Depending on who you ask, Roppongi is either Tokyo's most sophisticated neighborhood or its seediest. Yet everyone can agree it's one of the city's most international. Each night, expats, emigres and immigrants wend their way through a landscape of restaurants, hostess bars, art galleries and nightclubs. Roppongi is a place of often garish contours and contrasts, its visible surface masking secrets at turns mundane and outlandish. There's a place here for anyone and everyone to while away the hours until dawn. And when it comes to craft beer bars, Roppongi does not run short.

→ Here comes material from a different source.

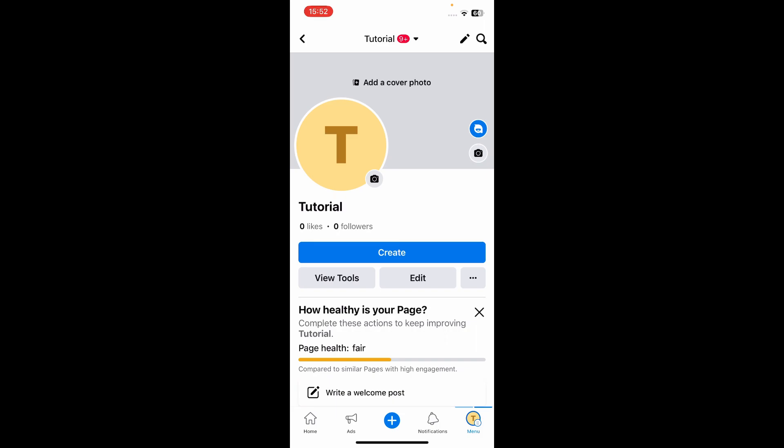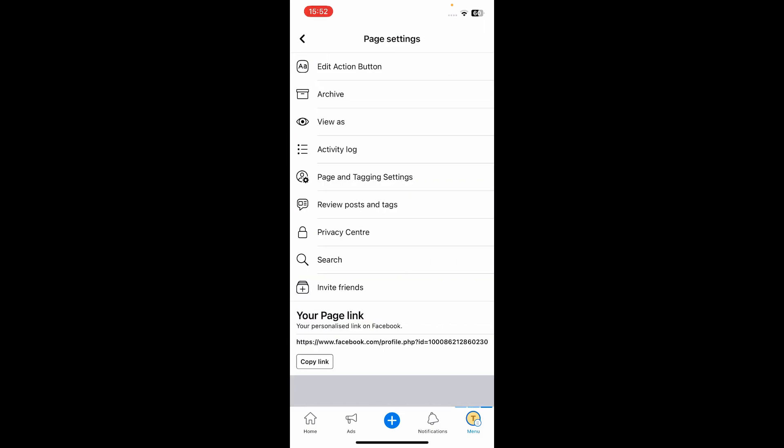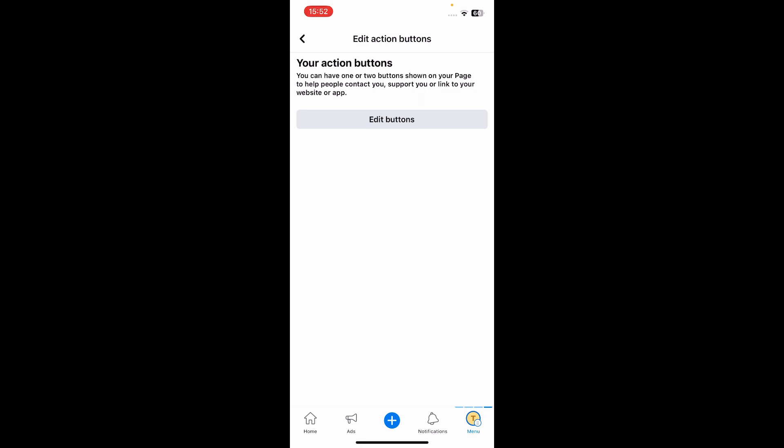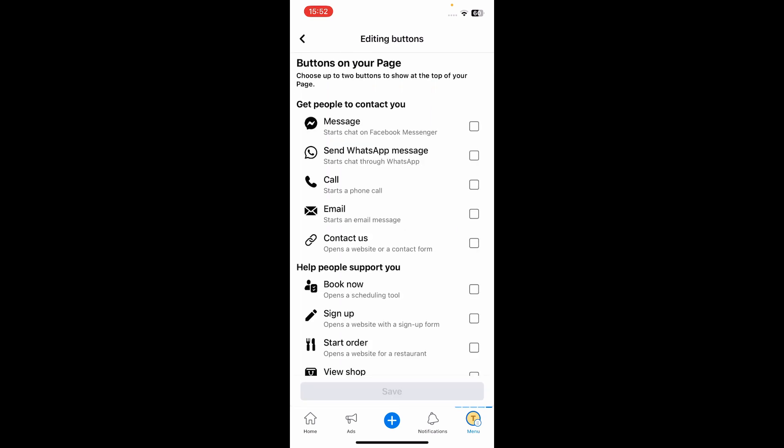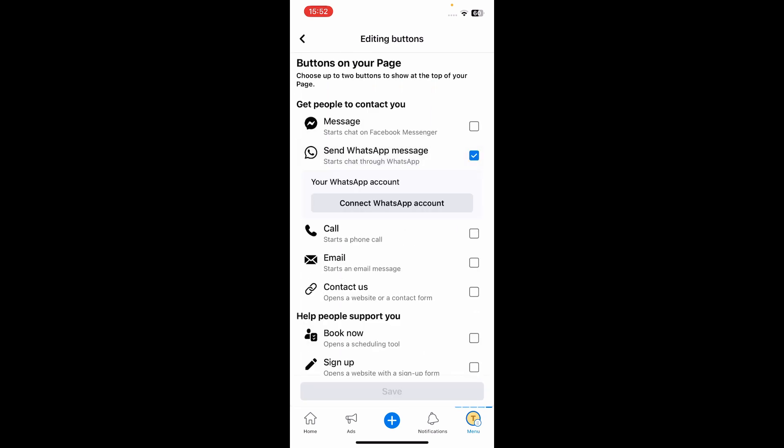Then tap on 'Edit Action Button,' then tap on 'Edit Buttons,' and select 'Send WhatsApp Message.' You'll then have to connect your WhatsApp account, and basically that's it. Thanks for watching, guys.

The evening has barely begun when I slip out of the winter cold and into the warm, basement bar of Ant 'n Bee. Open since 2010, Ant 'n Bee has a longer history than most craft beer bars in Tokyo. It has two rooms: a small non-smoking space and a stately L-shaped bar that holds all of Ant 'n Bee's charm. The place is nearly empty when I arrive. An Ella Fitzgerald song plays quietly from unseen speakers. I take a seat at one end of the bar, sizing up the menu and the 20 taps of Japanese craft brews. I settle on a pint of Kyoto Brewing Co.'s Nettaiha no Arashi, a well-balanced IPA with bitter hops that are smoothed over by honey notes. It's the ideal tipple to wash down the bar's garlic toast (or any of its other tasty morsels).

Ant 'n Bee strikes a balance between classy and cozy, and has knowledgeable staff. It's the kind of bar I'd be happy to occupy for many idle hours — easily done since they're open until 6 a.m., seven days a week. But the slowly thickening haze of cigarette smoke in the main room soon drives me back out into the cold.